#### Input records
_ _ _ _ _ _ _

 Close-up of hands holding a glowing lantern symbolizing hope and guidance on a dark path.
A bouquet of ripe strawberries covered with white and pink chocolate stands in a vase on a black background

_ _ _ _ _ _ _

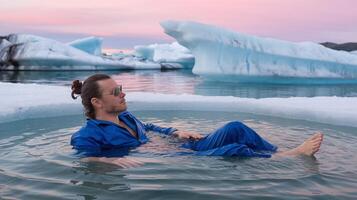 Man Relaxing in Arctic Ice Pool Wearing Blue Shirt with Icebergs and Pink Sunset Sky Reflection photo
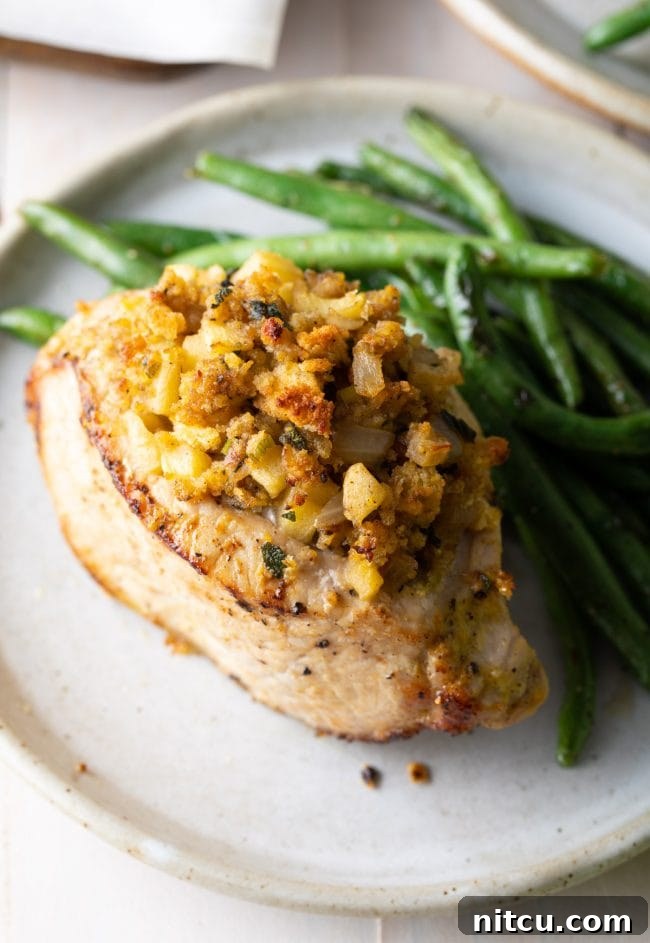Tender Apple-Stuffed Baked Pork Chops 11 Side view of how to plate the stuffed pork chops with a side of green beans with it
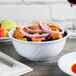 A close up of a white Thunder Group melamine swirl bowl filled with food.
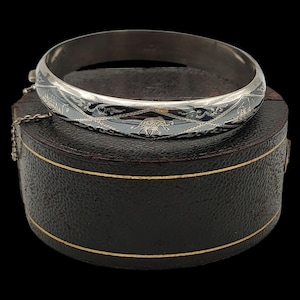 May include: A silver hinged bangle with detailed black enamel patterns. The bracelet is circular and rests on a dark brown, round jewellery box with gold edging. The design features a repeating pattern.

_ _ _ _ _ _ _

#### Action item
Leaving out each picture, repeat exactly the lines above from the one that contains "A close up of" through the one that contains "May include: A".

#### Expected output
 A close up of a white Thunder Group melamine swirl bowl filled with food.
 May include: A silver hinged bangle with detailed black enamel patterns. The bracelet is circular and rests on a dark brown, round jewellery box with gold edging. The design features a repeating pattern.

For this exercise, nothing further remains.